Your instructions. Using the material below, print a verbatim copy of every line from the one containing "バルコニー　図面と現状に相違がある場合には現状を優先．．．" through the one containing "4-5-2022, rotterdam, dodenherdenking", inclusive, and omit the pictures.

Stored data.
*** Begin section ***

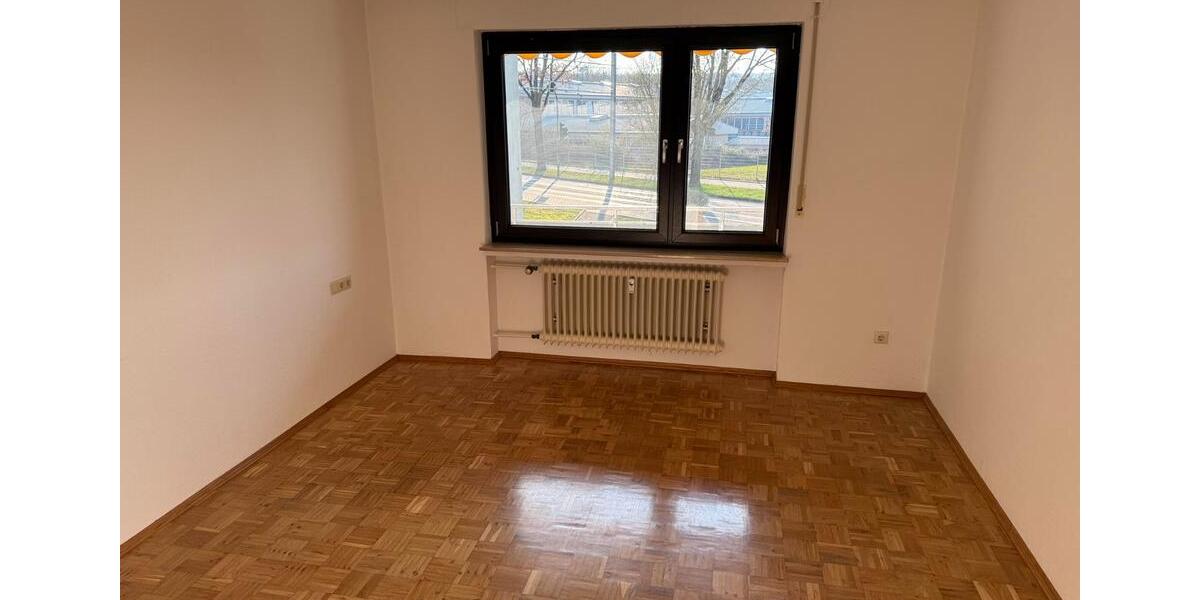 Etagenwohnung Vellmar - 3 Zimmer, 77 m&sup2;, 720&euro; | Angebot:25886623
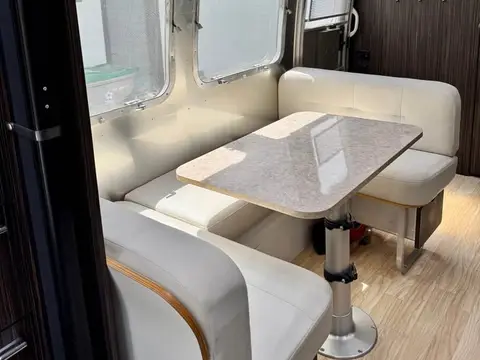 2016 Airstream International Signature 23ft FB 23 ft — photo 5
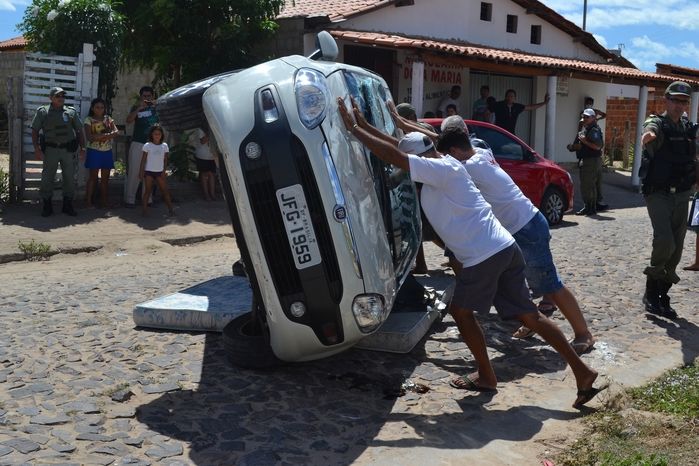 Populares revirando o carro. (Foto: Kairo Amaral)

*** End section ***
*** Begin section ***

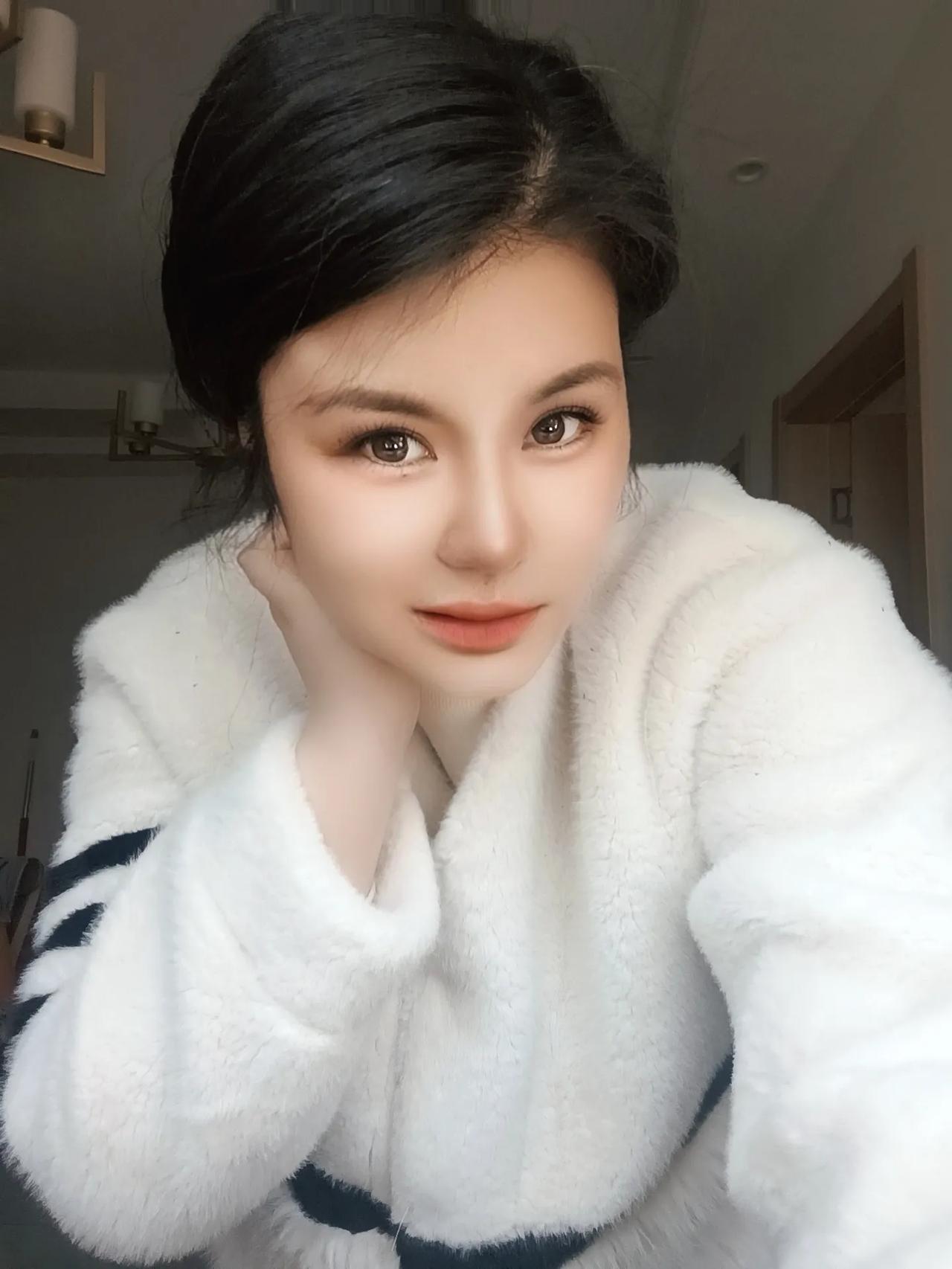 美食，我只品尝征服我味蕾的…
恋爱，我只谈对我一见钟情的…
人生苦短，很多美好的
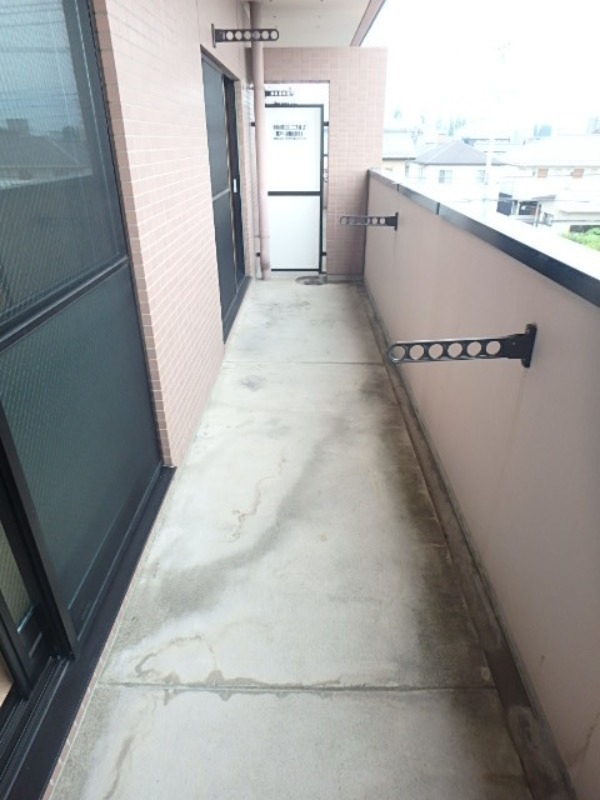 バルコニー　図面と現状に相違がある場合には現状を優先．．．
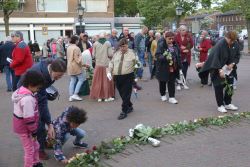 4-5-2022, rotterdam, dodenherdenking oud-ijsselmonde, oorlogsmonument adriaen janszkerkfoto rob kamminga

*** End section ***
*** Begin section ***

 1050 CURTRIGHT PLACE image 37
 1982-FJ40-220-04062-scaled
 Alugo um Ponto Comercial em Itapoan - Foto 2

*** End section ***

Output for this exercise.
 バルコニー　図面と現状に相違がある場合には現状を優先．．．
 4-5-2022, rotterdam, dodenherdenking oud-ijsselmonde, oorlogsmonument adriaen janszkerkfoto rob kamminga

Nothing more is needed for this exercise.